Russian Foreign Minister Sergei Lavrov awaits the start of a negotiating session at au Rivage Palace Hotelin Lausanne, Switzerland, on March 29, 2015.

Russian Foreign Minister Sergei Lavrov awaits the start of a negotiating session at au Rivage Palace Hotelin Lausanne, Switzerland, on March 29, 2015. Brendan Smialowski/AP

The P5+1 Aren't All Aligned on Iran's Sanctions Relief

It's not just Iran vs. the West - Russia and China are siding with Tehran on a key issue.

The Iran nuclear talks are now a day into overtime. The Chinese and French foreign ministers have left Lausanne, the Swiss city where the negotiations are continuing after the March 31 deadline for a framework agreement.

The word is that the outcome will be far from the desired grand agreement, one putting at least a 15-year moratorium on an Iranian nuclear weapon. Instead, there will be a broad statement that effectively hopes for the best by the ultimate June 30 deadline.

Iran and the outside world still can’t quite see eye to eye, right?

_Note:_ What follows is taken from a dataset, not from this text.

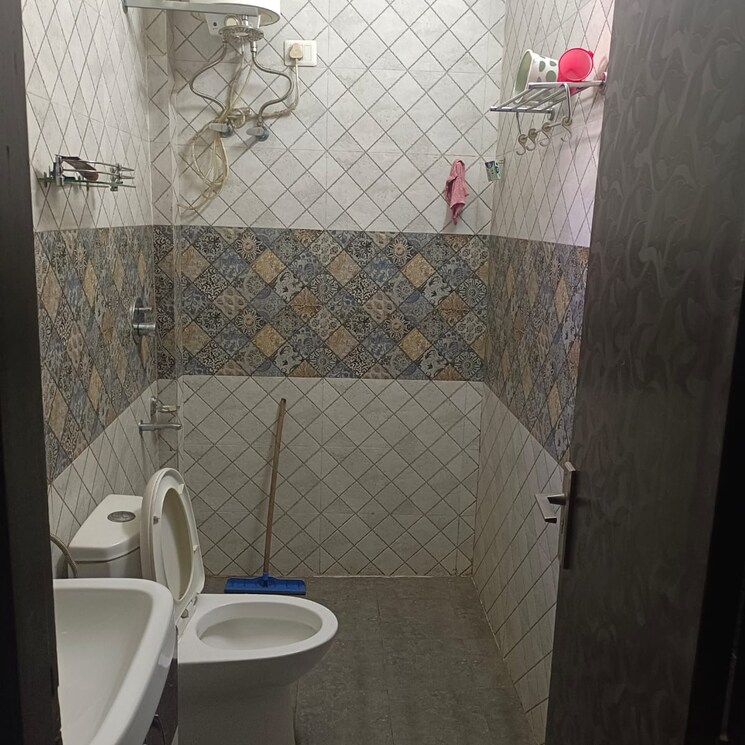 Bathroom, sector 71 3 Bedroom 1800 Sq.Ft. Builder Floor In Sector 71 Gurgaon 8591258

Right, but that is not the only big problem. It turns out one of the main hitches in the talks is the outside world itself, the so-called P5+1. A red line for the US-led side is robust retention of sanctions to ensure Iranian compliance over the period of the deal. This includes a so-called “snap-back” provision, proposed by the US and France, of harsh sanctions should Iran cheat.

Iran’s negotiating team, however, has demanded that all oil and financial sanctions be lifted simultaneously and immediately, with no snap-back.

This position has attracted some advocates on the P5+1 side. Though ostensibly allied with the US, France, Germany and the UK in the talks, Russia and China are siding with Iran on the issue of the snap-backs. Russian foreign minister Sergei Lavrov has publicly said that all the sanctions must be dropped immediately.

All the parties know, however, that a deal lacking continued sanctions and snap-backs would be dead in the water in Washington—Congress would kill it.